A Áustria formou uma seleção extraordinária na década de 30. A Wunderteam era orientada por uma das figuras mais proeminentes da Escola do Danúbio, Hugo Meisl, e contava com a classe do homem de papel Matthias Sindelar. A morte de ambos – o primeiro de ataque cardíaco, o segundo de causas desconhecidas, o que lhe conferiu ainda maior aura de herói – e o Anchluss colocaram um ponto final na corporização das ideias trocadas nos cafés de Viena, a primeira manifestação do que mais tarde se irá chamar futebol total. Antes, foi semifinalista do Campeonato do Mundo de 1934, derrotando pelo caminho o outro maior representante da mesma filosofia, a Hungria.

O país voltou a mostrar-se ao planeta apenas em 1982, com uma equipa bem menos talentosa, acordando com a Alemanha a desgraça de Gijón para seguir para a segunda fase, mas em 1990 e 1998 já não passou dos grupos. E, no Europeu, só os oitavos de final de 2020 deram sinais de crescimento, confirmados agora com nova presença numa fase final, embora num grupo terrível, que inclui França, Países Baixos e Polónia. Esta terça-feira, em Viena, a Áustria recebeu a Turquia de Kokçu e Calhanoglu, adversária de Portugal, e goleou (6-1). Curiosamente, no banco da Das Team, estava Ralf Rangnick, que muitos reconhecem pelo fracasso no Manchester United.

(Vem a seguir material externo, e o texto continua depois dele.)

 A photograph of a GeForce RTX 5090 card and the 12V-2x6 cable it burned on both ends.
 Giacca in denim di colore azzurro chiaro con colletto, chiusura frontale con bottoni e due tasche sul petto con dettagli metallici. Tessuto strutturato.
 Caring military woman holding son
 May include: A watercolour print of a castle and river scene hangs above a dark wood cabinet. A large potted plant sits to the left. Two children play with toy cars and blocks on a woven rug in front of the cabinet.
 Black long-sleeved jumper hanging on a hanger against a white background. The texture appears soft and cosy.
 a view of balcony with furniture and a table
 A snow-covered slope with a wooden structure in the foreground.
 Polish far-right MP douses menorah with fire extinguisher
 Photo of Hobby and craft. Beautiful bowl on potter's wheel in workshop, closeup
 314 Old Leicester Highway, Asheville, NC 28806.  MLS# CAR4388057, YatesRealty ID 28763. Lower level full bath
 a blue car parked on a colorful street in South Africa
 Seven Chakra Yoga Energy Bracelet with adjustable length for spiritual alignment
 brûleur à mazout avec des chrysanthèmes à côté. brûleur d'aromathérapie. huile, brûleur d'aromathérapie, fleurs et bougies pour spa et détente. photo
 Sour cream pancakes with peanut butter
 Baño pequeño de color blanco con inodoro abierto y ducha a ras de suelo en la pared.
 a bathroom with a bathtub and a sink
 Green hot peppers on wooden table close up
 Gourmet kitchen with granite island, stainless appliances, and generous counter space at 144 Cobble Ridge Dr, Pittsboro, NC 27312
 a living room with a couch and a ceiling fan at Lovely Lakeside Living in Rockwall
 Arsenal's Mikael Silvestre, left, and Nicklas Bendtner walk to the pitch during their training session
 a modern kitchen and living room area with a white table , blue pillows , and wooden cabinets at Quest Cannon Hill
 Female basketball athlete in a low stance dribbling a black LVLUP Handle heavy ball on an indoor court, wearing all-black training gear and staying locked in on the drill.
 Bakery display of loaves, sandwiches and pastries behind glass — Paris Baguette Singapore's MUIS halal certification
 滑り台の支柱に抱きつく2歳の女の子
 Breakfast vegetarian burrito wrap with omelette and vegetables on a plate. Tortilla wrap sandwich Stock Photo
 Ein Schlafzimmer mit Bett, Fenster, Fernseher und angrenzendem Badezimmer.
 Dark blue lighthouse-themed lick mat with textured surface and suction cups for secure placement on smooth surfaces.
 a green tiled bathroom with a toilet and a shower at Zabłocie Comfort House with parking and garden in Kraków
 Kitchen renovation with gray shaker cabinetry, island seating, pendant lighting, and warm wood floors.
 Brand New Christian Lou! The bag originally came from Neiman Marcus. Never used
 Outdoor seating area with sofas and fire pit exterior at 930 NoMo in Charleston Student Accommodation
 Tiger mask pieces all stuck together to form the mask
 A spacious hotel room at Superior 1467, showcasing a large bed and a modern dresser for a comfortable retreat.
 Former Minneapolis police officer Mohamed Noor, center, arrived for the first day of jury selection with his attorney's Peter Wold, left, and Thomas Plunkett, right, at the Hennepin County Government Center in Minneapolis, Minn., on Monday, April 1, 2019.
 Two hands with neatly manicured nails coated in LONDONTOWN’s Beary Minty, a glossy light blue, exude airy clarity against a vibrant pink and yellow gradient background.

Todos sabemos a dificuldade que é impor e trabalhar ideias numa seleção quando comparado com um clube, e também por isso Rangnick e a Áustria têm o casamento perfeito. O técnico alemão foi um dos pioneiros na modernização do futebol do seu país ao erradicar o líbero e a marcação individual, e ao apostar numa linha defensiva alta e pressão e contrapressão agressivas, e encontrou no território vizinho uma versão ainda mais progressista das próprias ideias, aprimorada nos principais clubes, desde logo o Salzburgo, onde, com Roger Schmidt, plantou princípios que inspiraram igualmente os rivais LASK e Sturm ao longo da última década. É, por isso, hoje natural que na Áustria, que tem nos lesionados David Alaba e Marko Arnautovic, e em Marcel Sabitzer as principais figuras, haja boas expetativas para os terríveis desafios do próximo mês de junho, precisamente na Alemanha.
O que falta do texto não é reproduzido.